→ WORK ORDER: Repeat the listing exactly. Pictures stay out of your copy.

INPUT RECORDS Start Marker

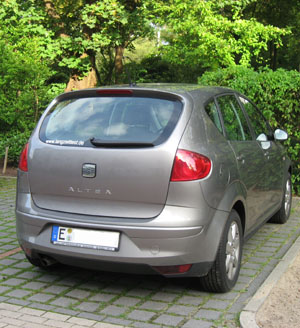 Heckansicht des Altea mit Langzeittest-Aufkleber. Heckansicht des Altea mit Langzeittest-Aufkleber.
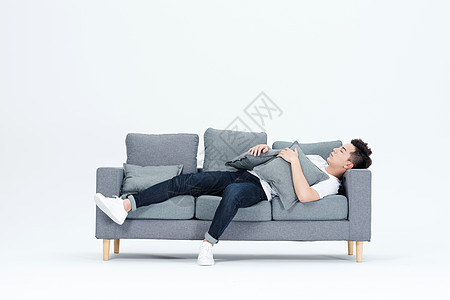 躺在沙发上休息睡觉的青年男性疲倦高清图片素材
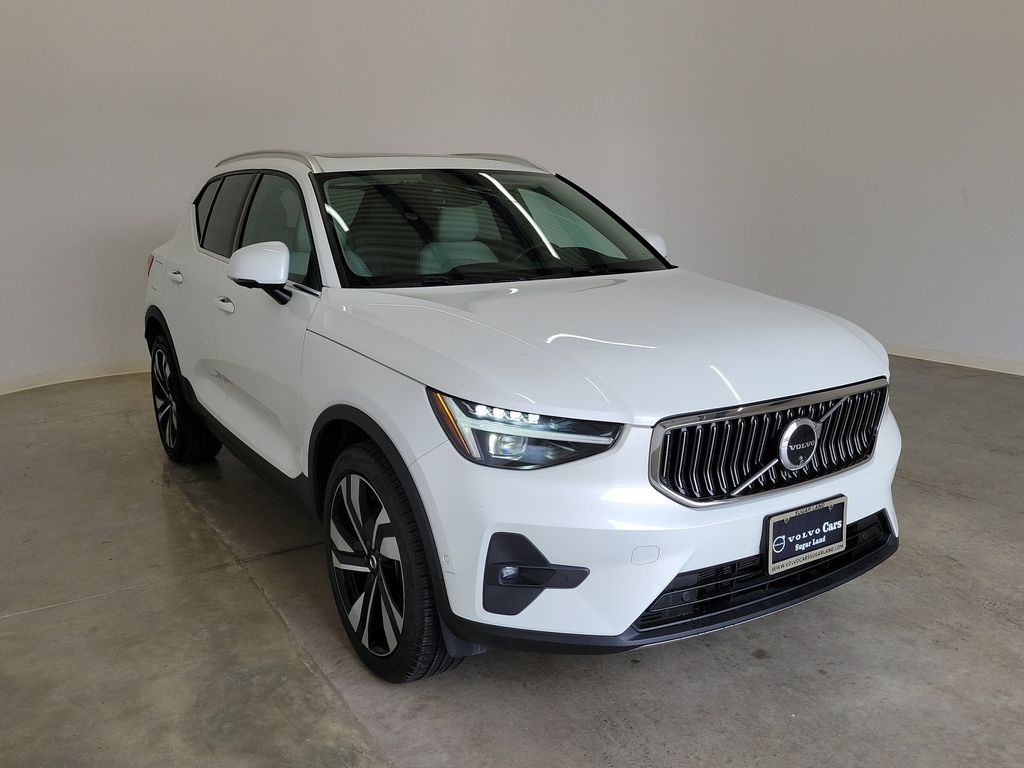 Used 2025 Volvo XC40 B5 Ultra Bright Theme SUV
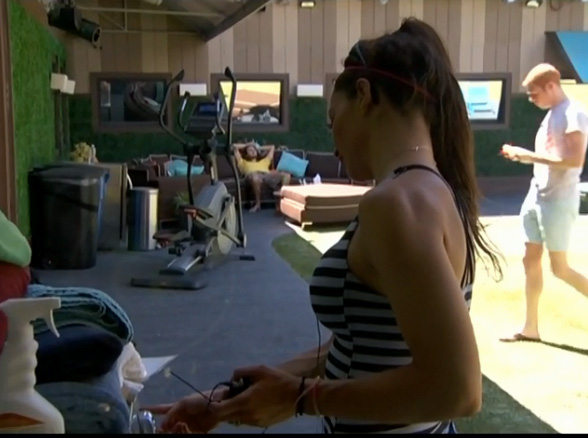 BB-15-Live-Feeds-0825-6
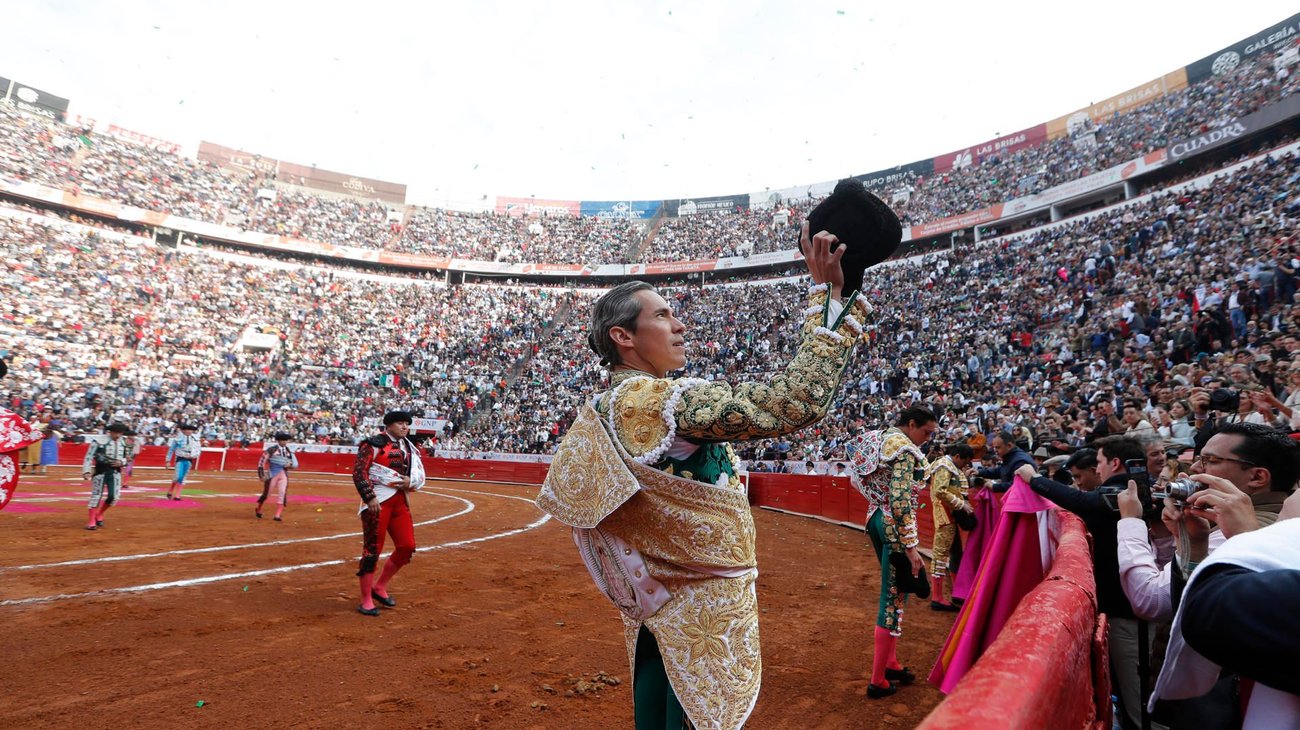 Jueza aplaza fallo sobre corridas de toros en Plaza México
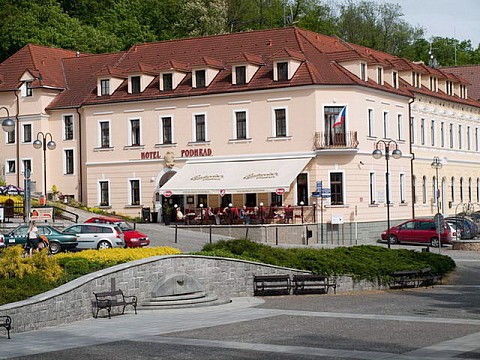 HOTEL PODHRAD - Rekreační pobyt pá-ne - Hluboká nad Vltavou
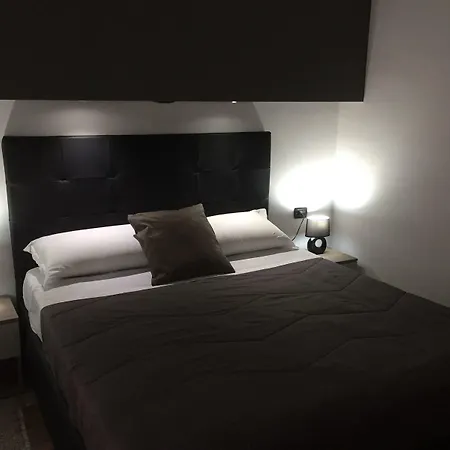 Mb95 - Mezzocannone Luxurious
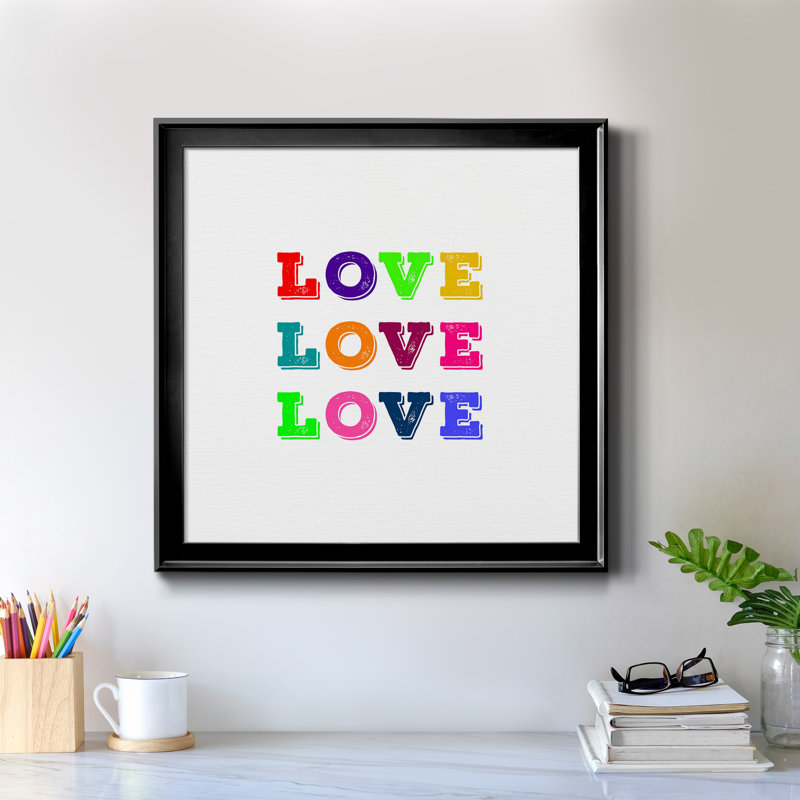 «Love Love Love», art textuel sur toile, H 30,5 po x l 30,5 po x P 1,5 po, Cadre noir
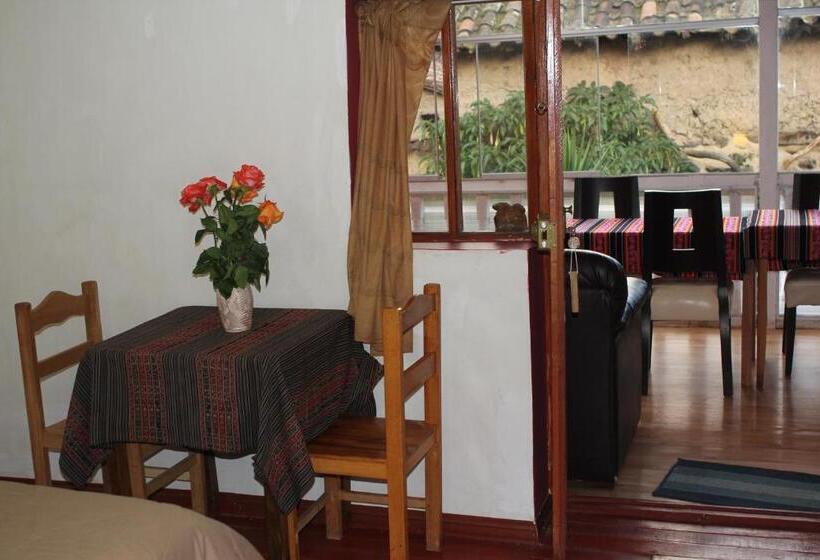 Habitación Estándar Baño Compartido, Killari Hostal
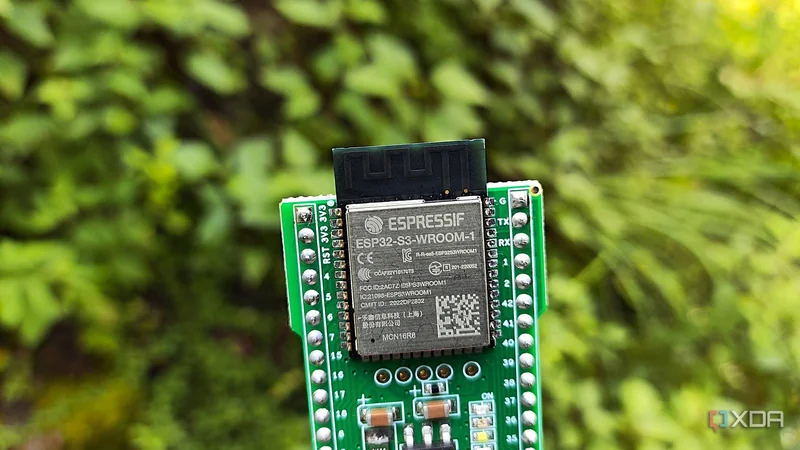 TinyDesk؛ اجرای یک دسکتاپ گرافیکی متنباز روی تراشه ESP32 درون ترمینال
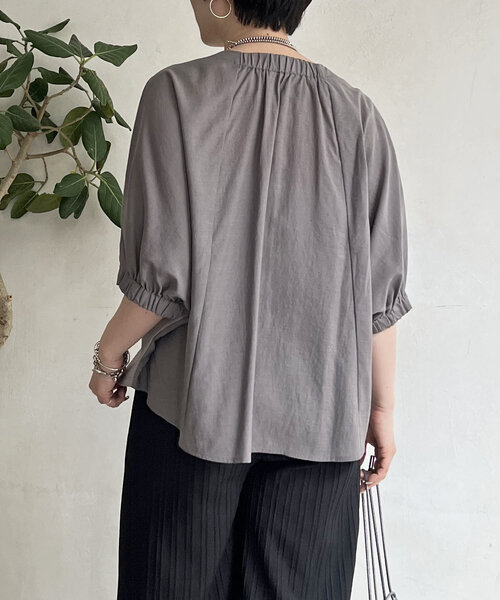 un dix cors(アンディコール)の「接触冷感異素材プルオーバー(Tシャツ/カットソー・レディース・オフホワイト・FREE)」の16枚目の写真
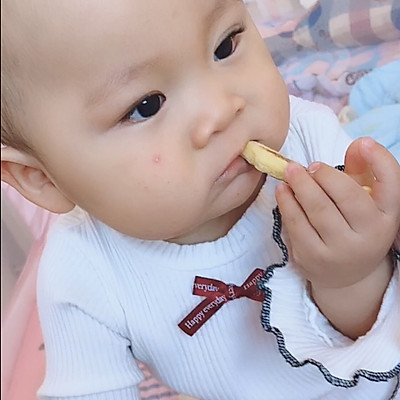 宝宝辅食 — 米粉新吃法～蛋奶香米粉手指条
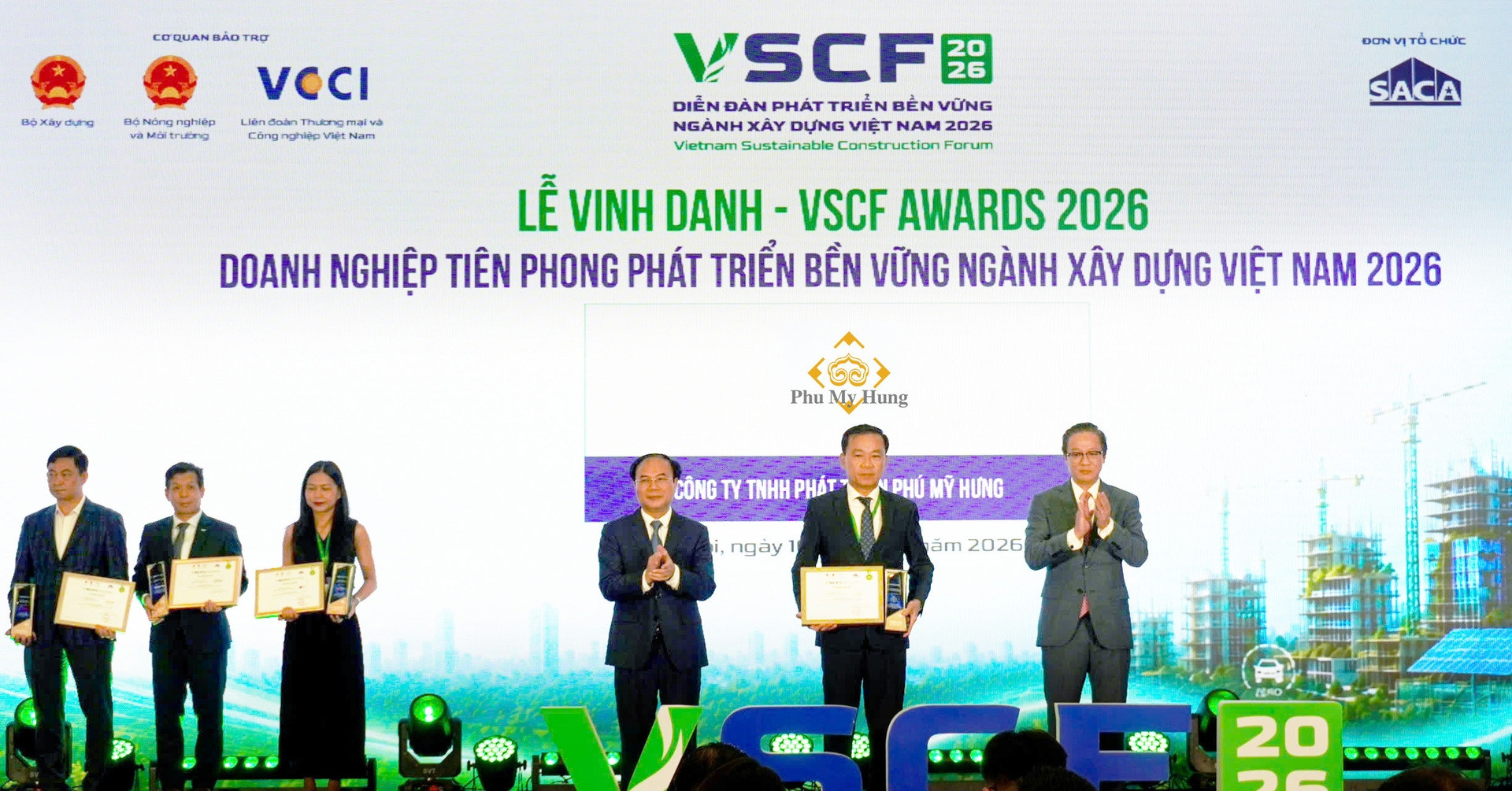 Phú Mỹ Hưng được vinh danh ‘Doanh nghiệp tiên phong phát triển bền vững’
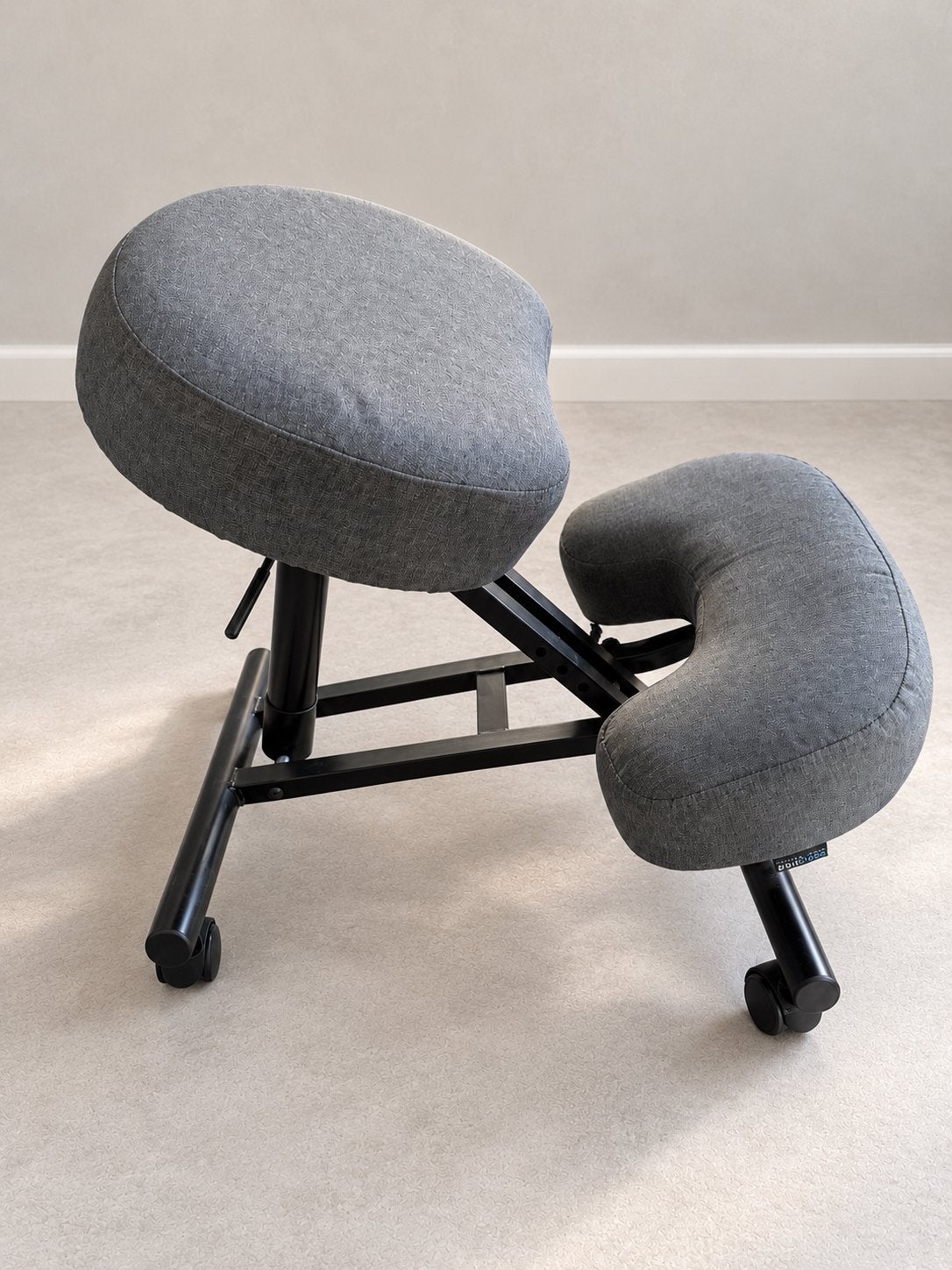 Nieuwe Ergonomische Kniestoel - Perfect voor Thuiswerk, Nieuw, Ophalen of Verzenden, Grijs, Bureaustoel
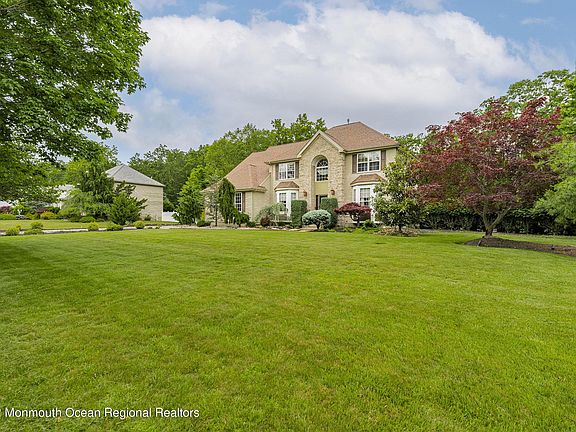 3rd image of 65 Tuscany Dr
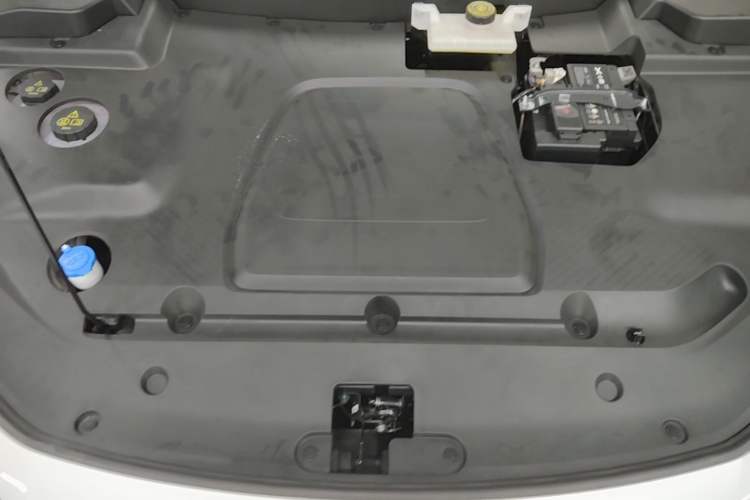 Used XPeng MONA M03 2024 620 with Ultra-Long Range Engine Bay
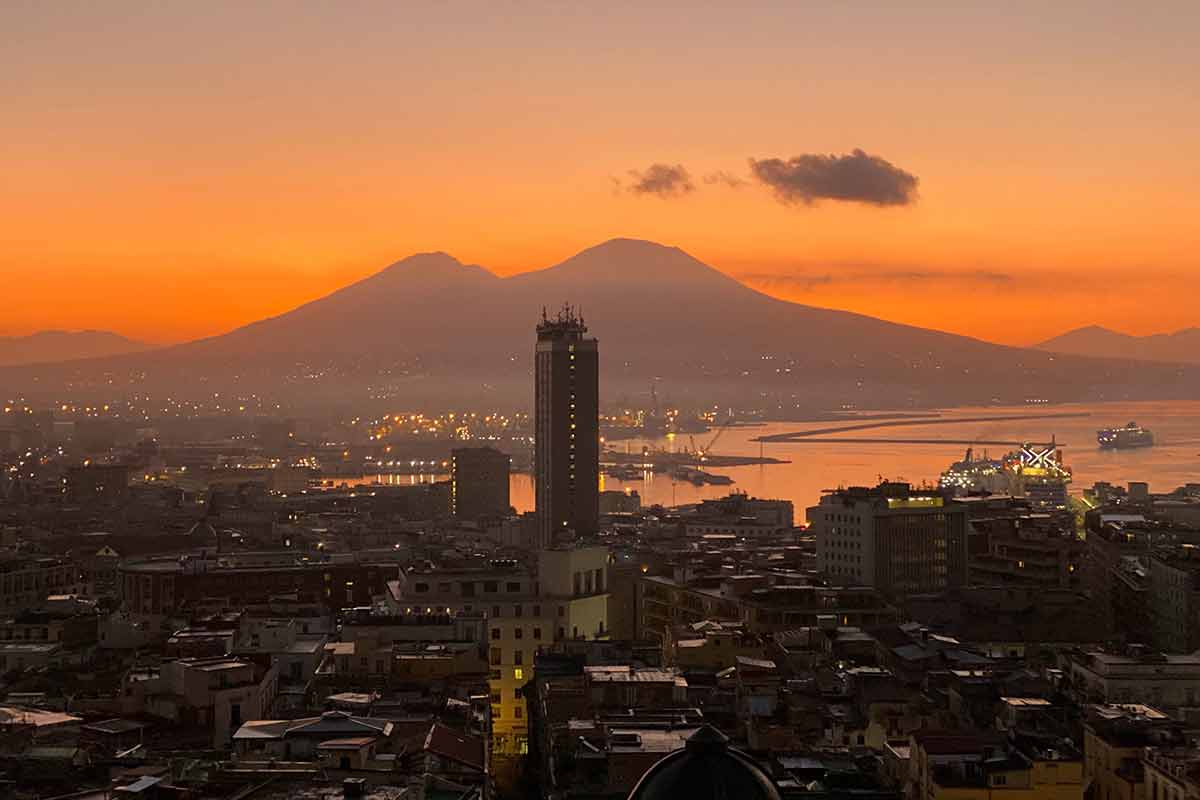 naples nightlife italy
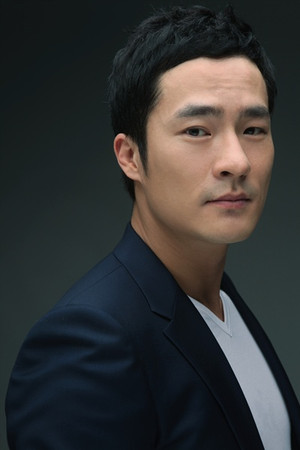 Choi Ji-ho in Antique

INPUT RECORDS End Marker

→ ANSWER TO THIS TASK:
 Heckansicht des Altea mit Langzeittest-Aufkleber. Heckansicht des Altea mit Langzeittest-Aufkleber.
 躺在沙发上休息睡觉的青年男性疲倦高清图片素材
 Used 2025 Volvo XC40 B5 Ultra Bright Theme SUV
 BB-15-Live-Feeds-0825-6
 Jueza aplaza fallo sobre corridas de toros en Plaza México
 HOTEL PODHRAD - Rekreační pobyt pá-ne - Hluboká nad Vltavou
 Mb95 - Mezzocannone Luxurious
 «Love Love Love», art textuel sur toile, H 30,5 po x l 30,5 po x P 1,5 po, Cadre noir
 Habitación Estándar Baño Compartido, Killari Hostal
 TinyDesk؛ اجرای یک دسکتاپ گرافیکی متنباز روی تراشه ESP32 درون ترمینال
 un dix cors(アンディコール)の「接触冷感異素材プルオーバー(Tシャツ/カットソー・レディース・オフホワイト・FREE)」の16枚目の写真
 宝宝辅食 — 米粉新吃法～蛋奶香米粉手指条
 Phú Mỹ Hưng được vinh danh ‘Doanh nghiệp tiên phong phát triển bền vững’
 Nieuwe Ergonomische Kniestoel - Perfect voor Thuiswerk, Nieuw, Ophalen of Verzenden, Grijs, Bureaustoel
 3rd image of 65 Tuscany Dr
 Used XPeng MONA M03 2024 620 with Ultra-Long Range Engine Bay
 naples nightlife italy
 Choi Ji-ho in Antique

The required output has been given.